Dienstag, 31. Januar 2012

Kein Anspruch

Dies ist eine Fortsetzungsgeschichte. Für eine Inhaltsübersicht zu bisherigen Inhalten schaut doch bitte hier: Übersicht Nadja

Die Sachbearbeiterin des Amtes studierte sehr eingehend die Bewerbungsmappe. Bislang war die gefürchtete Frage noch nicht aufgekommen. James hatte Glück. Jetzt nach der Mittagspause war nicht viel los und er hatte kaum 20 Minuten warten müssen, bis jemand Zeit für ihn hatte.
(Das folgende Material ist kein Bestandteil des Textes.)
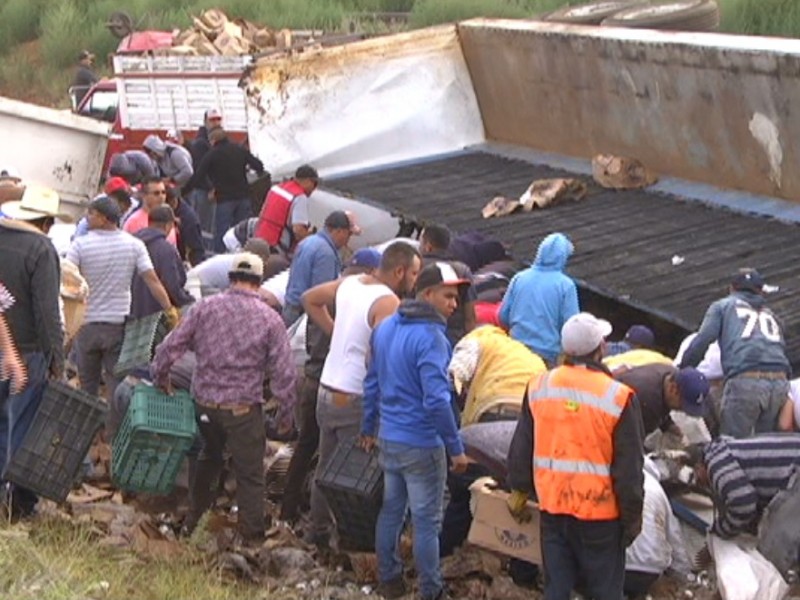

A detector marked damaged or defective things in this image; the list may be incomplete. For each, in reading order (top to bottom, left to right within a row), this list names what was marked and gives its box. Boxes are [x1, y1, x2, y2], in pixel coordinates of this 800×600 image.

peeling paint [752, 111, 788, 188]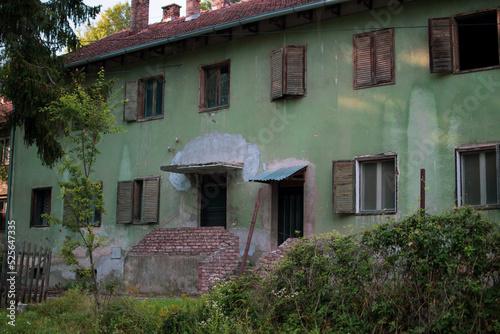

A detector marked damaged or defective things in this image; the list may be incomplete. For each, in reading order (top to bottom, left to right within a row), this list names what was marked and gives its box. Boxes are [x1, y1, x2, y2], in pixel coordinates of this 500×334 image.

rusted metal support [239, 188, 264, 276]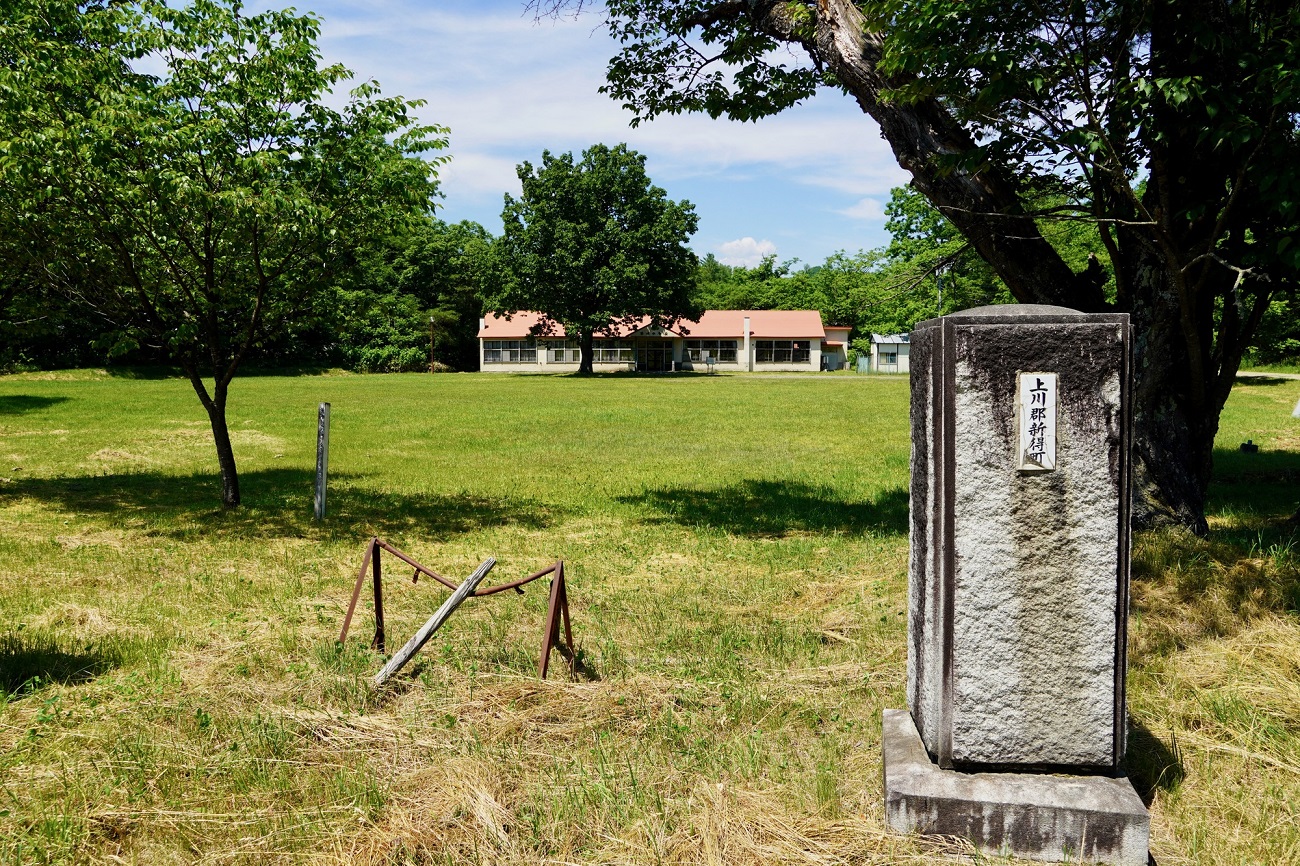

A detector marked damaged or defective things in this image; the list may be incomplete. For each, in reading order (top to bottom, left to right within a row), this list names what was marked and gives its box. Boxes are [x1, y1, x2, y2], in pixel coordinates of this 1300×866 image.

Nun saß er der jungen Frau mit der Brille gegenüber und fühlte sich sichtlich unwohl. Tracy Higgins, wie das Schild auf ihrem Schreibtisch verriet, allerdings beachtete ihn kaum. Außerdem war sie es gewohnt, dass die Leute, die ihr gegenüber saßen nervös waren. Wer bei ihr saß hatte gerade seinen Job verloren. Das war niemals eine angenehme Situation.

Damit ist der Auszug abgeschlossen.